Keep in mind that this is not a tourist attraction and there are is a set of rules you must respect while attending a practice. Etiquette is as important here as in any other cultural event in Tokyo.
Unveil classical Tokyo in Yanesen
Yanesen is an acronym for the three areas of Yanaka, Nezu, and Sendagi. It’s the most famous area in Tokyo to explore its classical side since it was one of the few places to escape unharmed from World War II.
Popular spots to visit include the famous and most photographed Nezu Shrine, the Yayoi Yumeji Museum, a museum dedicated to the art of the pioneer of Japanese graphic design, and stores selling chiyogami, paper with printed patterns.
Have an immersive cultural experience at a sento (the Japanese public bath)
These days, people don’t use a sento for the same reasons they did back in the day (all modern homes are equipped with baths now), but the tradition has not disappeared completely yet and the Japanese house baths are still around in Tokyo.
From establishments offering services close to the spa facilities to others that have a more traditional approach, there is plenty to choose from. Just keep in mind to abide by the rules of etiquette and you’ll have a wonderful experience.
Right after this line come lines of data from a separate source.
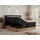 MKS Boxspringbett 160 x 200 cm H4 Schwarz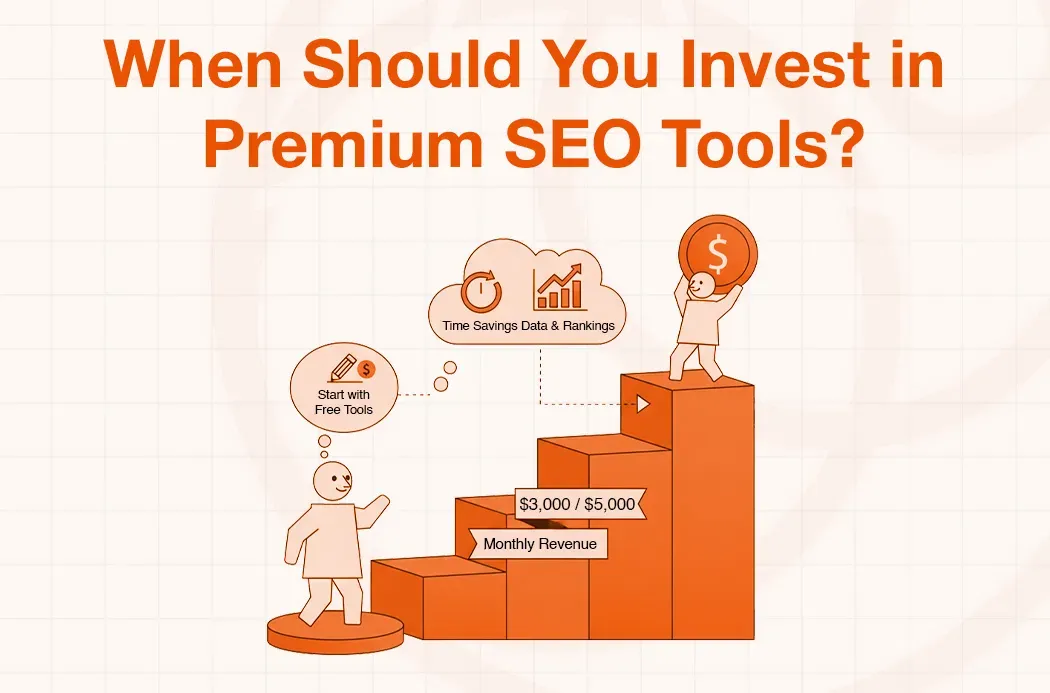 Graphic illustrating when to invest in premium SEO tools based on increasing monthly revenue.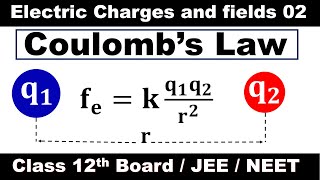 coulomb's law class 12  Physics | NCERT Chapter 1 | CBSE NEET JEE | हिंदी मे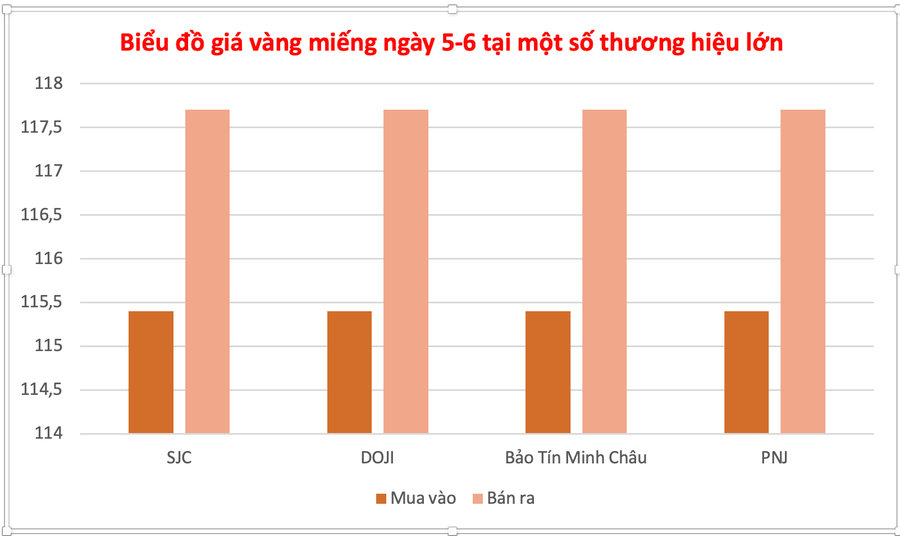 Đồ họa: P.V anh-man-hinh-2025-06-05-luc-102531.png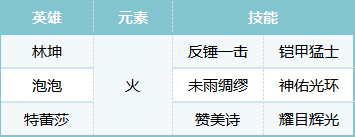 荒野国度专业反击队阵容搭配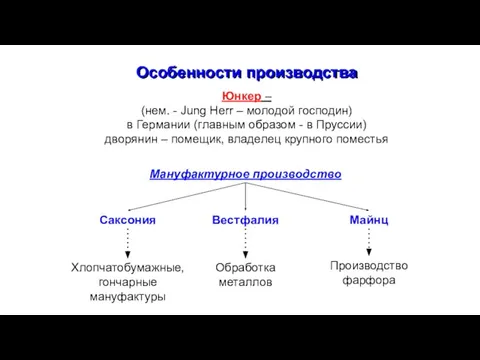 Особенности производства Юнкер – (нем. - Jung Herr – молодой господин) в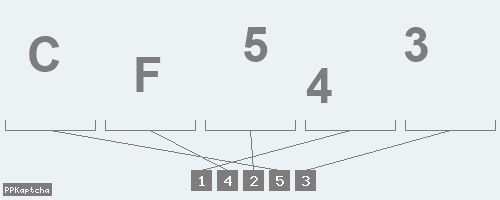 Код подтверждения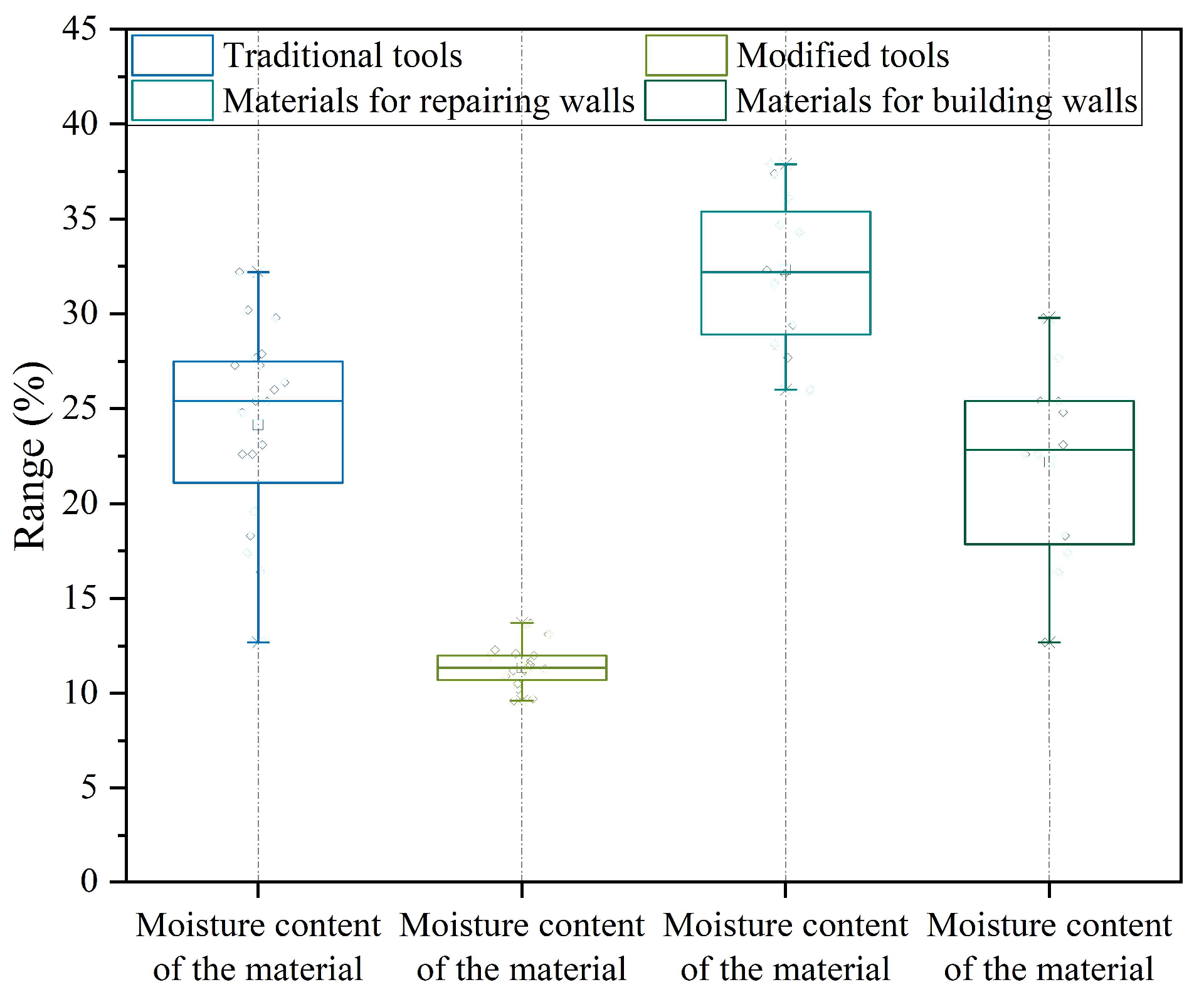 Sustainability 14 06748 g013 550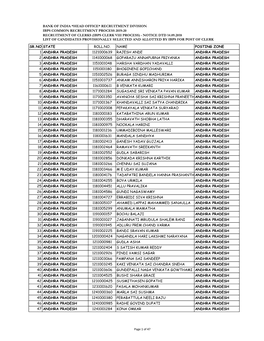 Ibps Clerk Viii Process) - Notice Dtd 14.09.2018 List of Candidates Provisionally Selected and Allotted by Ibps for Post of Clerk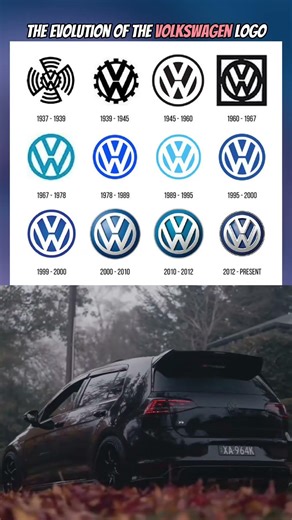 The Evolution of the Volkswagen Logo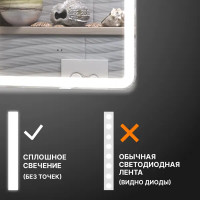 Зеркало для ванной Vigo Bora Classic Led с подсветкой 40 см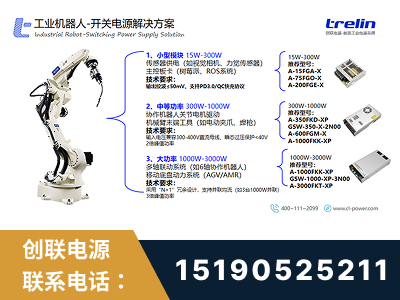 巢湖-工业机器人-开关电源解决方案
Have a bright and loud time at a Pachinko parlor
Looking to having fun in an environment of bright neon lights and loud noises? Forget all the video arcades you’ve ever stepped into, find a Pachinko parlor in Tokyo and brush off your skills at this electronic game of pinball-meets-vegas-slot-machines.
It takes more focus and strategy than one might think to play what is “just” a game. It’s not “just” a game. The avid regular players take pride in their technique.
Get down to business at the Tsukiji Market
For urban explorers and cultural travelers, markets are the places we visit to experience the rawest of cultural interactions between local customers and vendors. It’s all about the business relationship, even the most colloquial of chit chats.
The heart and soul here is the inner market, where they trade seafood, but it will be relocated soon to Toyosu. Although you might miss one of the most famous events at the market, the tuna auction, the outer market will still be up and running, and with plenty of great street food stalls available to have a meal.
Explore Asakusa, one of the historical neighborhoods in Tokyo
A pet peeve for those who would rather skip the crowds, Asakusa is a must-see neighborhood in Tokyo. And, let’s face it, in a city with 13.6 million people that welcomes close to 20 million tourists every year, it’s impossible to completely escape a crowd.
So, embrace it, go with the flow, and enjoy the view from the top of the Tokyo Skytree, discover the best ramen you could possibly eat or take a ride at the 1883 Hanayashiki amusement park.